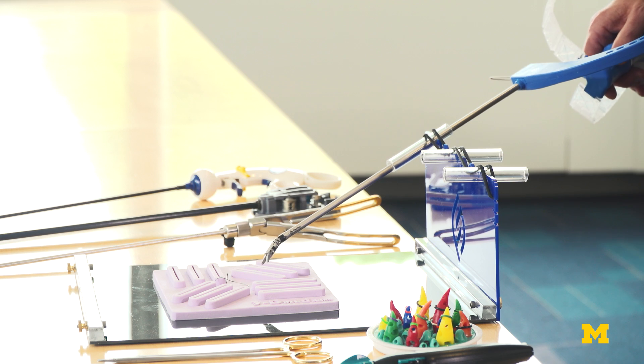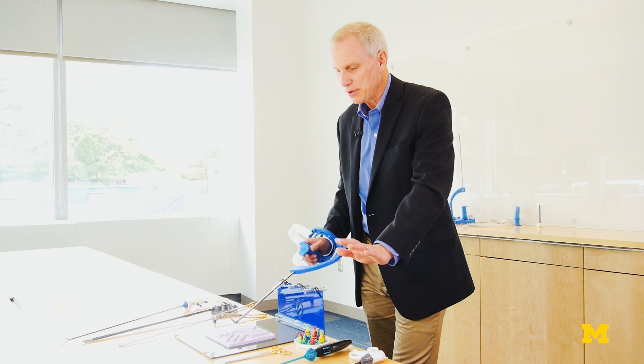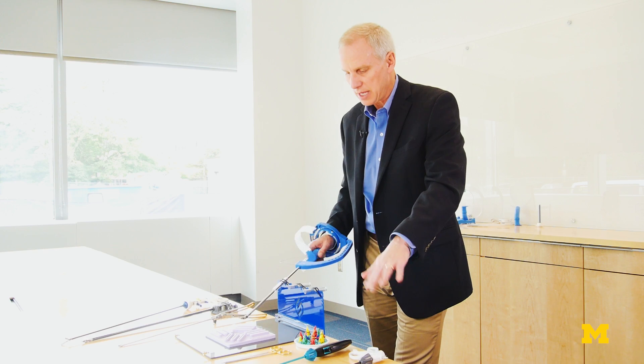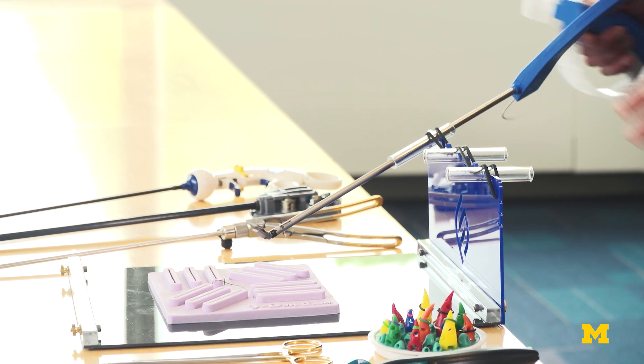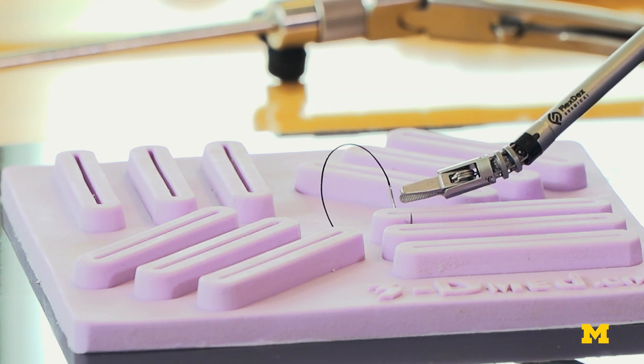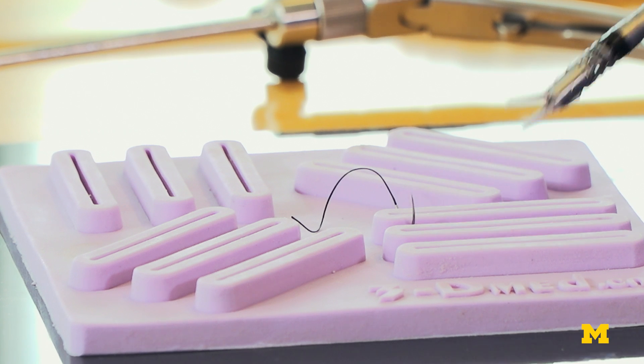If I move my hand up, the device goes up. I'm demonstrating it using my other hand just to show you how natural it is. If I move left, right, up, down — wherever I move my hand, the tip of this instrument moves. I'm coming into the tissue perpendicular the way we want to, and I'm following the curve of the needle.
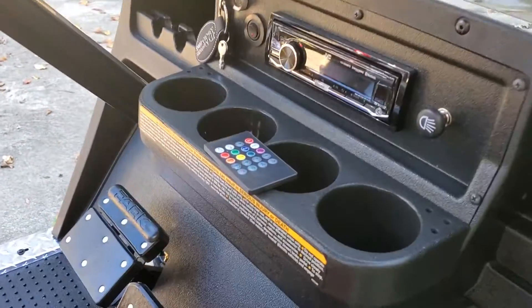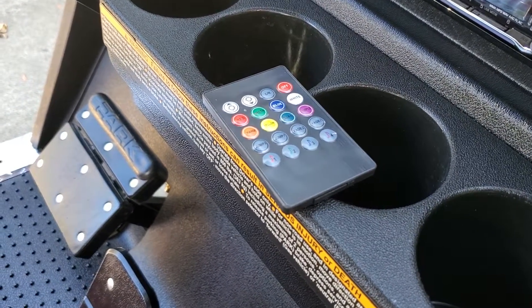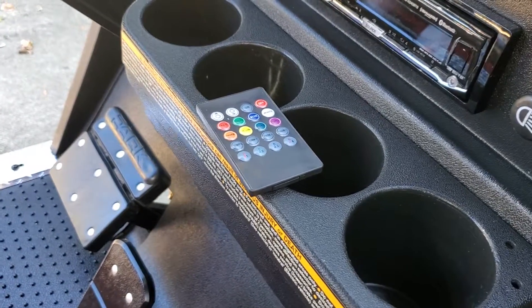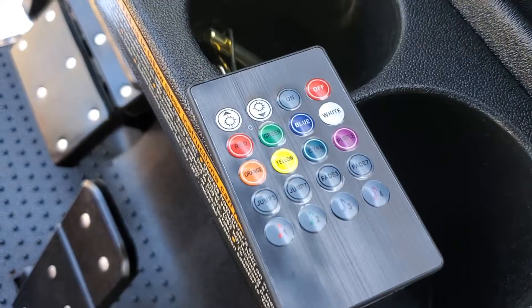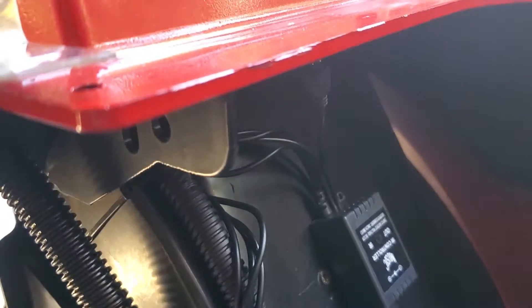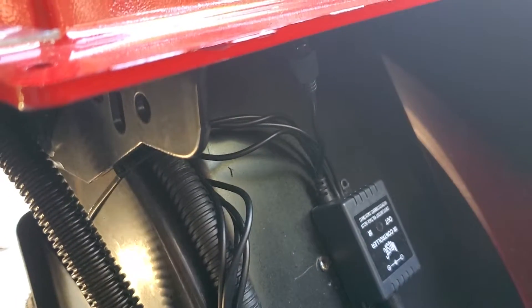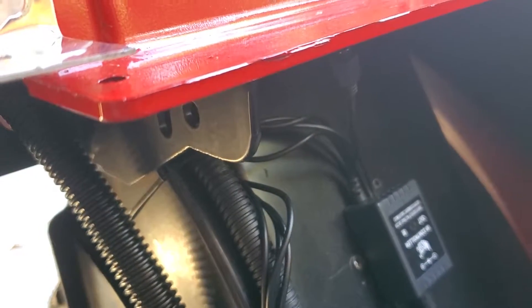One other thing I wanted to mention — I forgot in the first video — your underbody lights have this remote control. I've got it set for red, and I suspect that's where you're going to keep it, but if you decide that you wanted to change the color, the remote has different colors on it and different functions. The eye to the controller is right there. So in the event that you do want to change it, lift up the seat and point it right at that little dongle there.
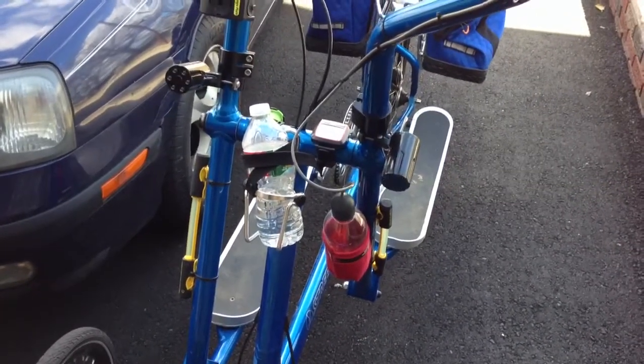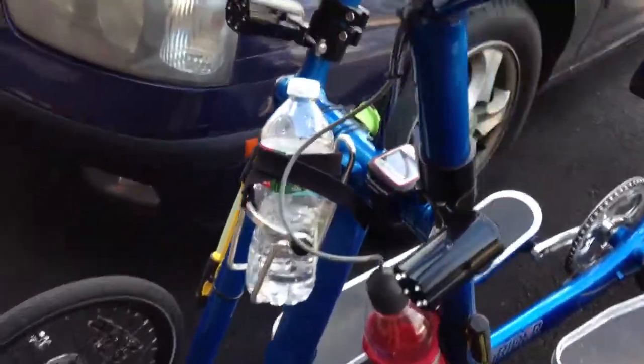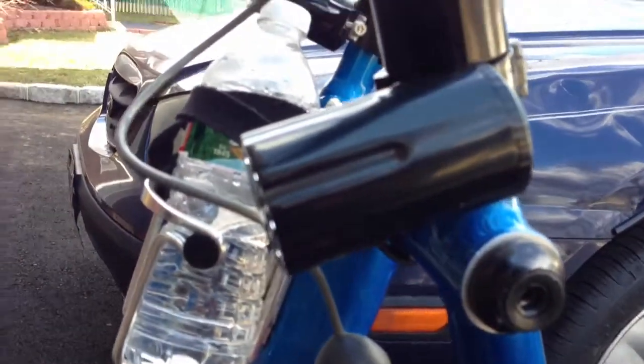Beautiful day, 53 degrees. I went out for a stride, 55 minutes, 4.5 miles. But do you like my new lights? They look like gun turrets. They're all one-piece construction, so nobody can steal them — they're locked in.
—————
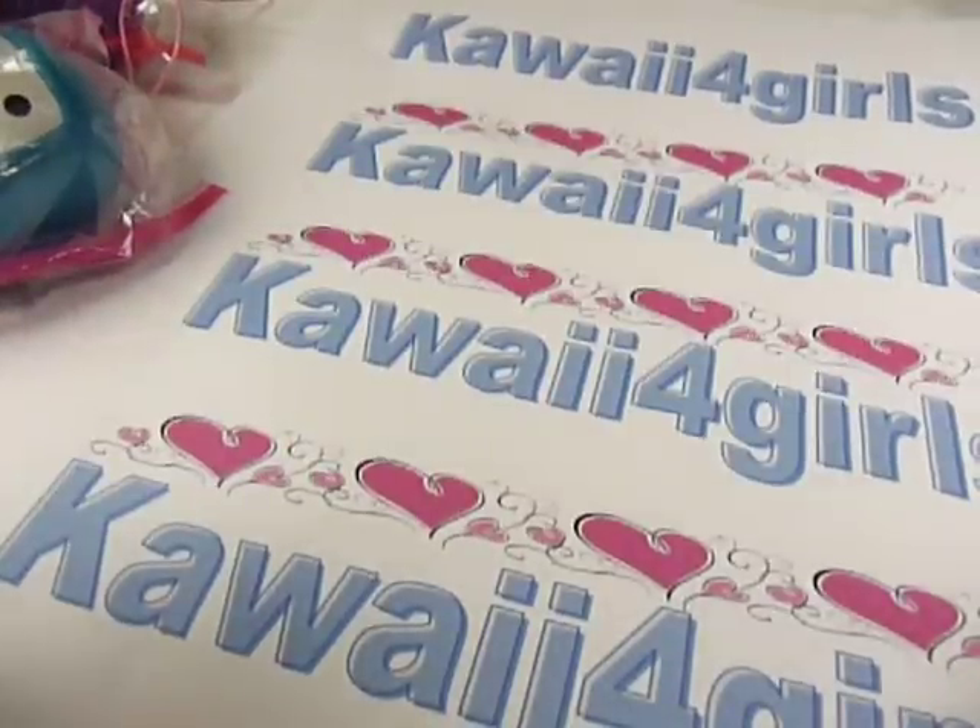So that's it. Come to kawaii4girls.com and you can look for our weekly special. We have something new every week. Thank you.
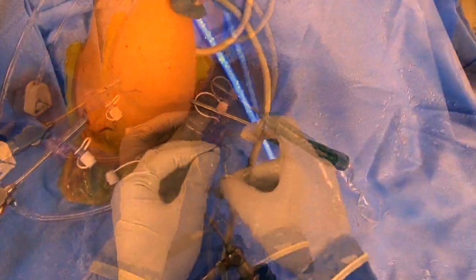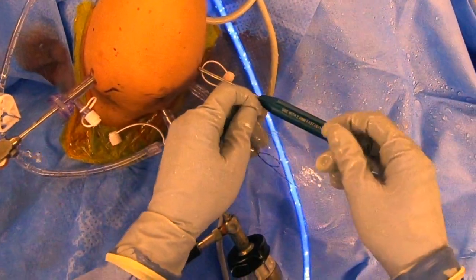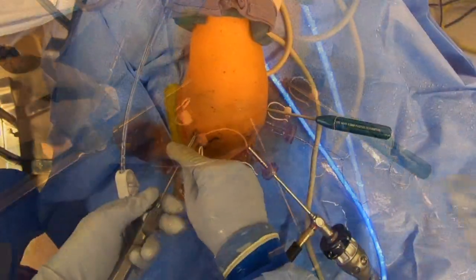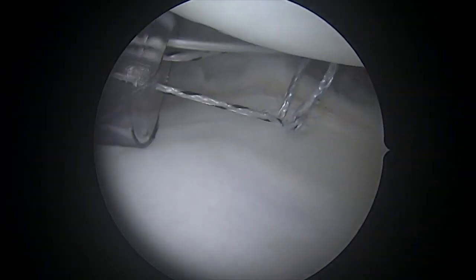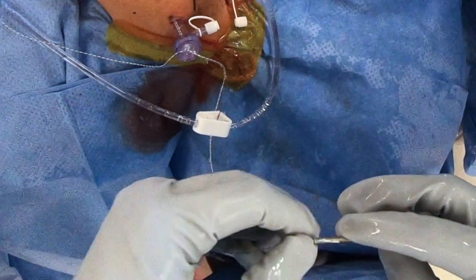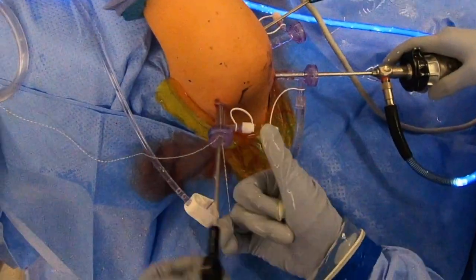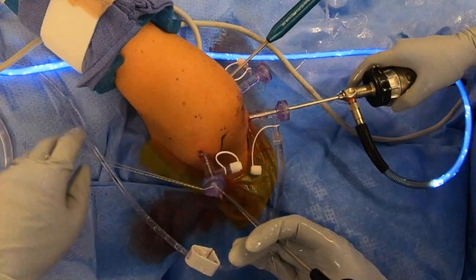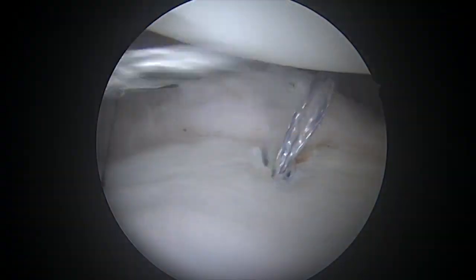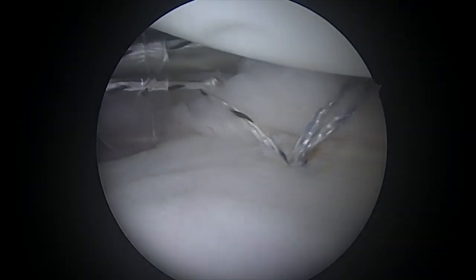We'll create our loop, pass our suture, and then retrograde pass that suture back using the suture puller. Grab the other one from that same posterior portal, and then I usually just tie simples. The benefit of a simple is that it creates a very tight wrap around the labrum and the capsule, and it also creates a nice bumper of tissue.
—————
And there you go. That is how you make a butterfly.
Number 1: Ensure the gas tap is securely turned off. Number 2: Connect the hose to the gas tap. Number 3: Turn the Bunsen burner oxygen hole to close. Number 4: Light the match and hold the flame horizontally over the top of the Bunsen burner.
—————
* _WORK ITEM_
Your task is to transcribe, with no changes, only the lines of the listing above that lie between the line holding "And there you" and the line holding "Number 1: Ensure", inclusive.

* _OUTPUT OF THE EXERCISE_
And there you go. That is how you make a butterfly.
Number 1: Ensure the gas tap is securely turned off. Number 2: Connect the hose to the gas tap. Number 3: Turn the Bunsen burner oxygen hole to close. Number 4: Light the match and hold the flame horizontally over the top of the Bunsen burner.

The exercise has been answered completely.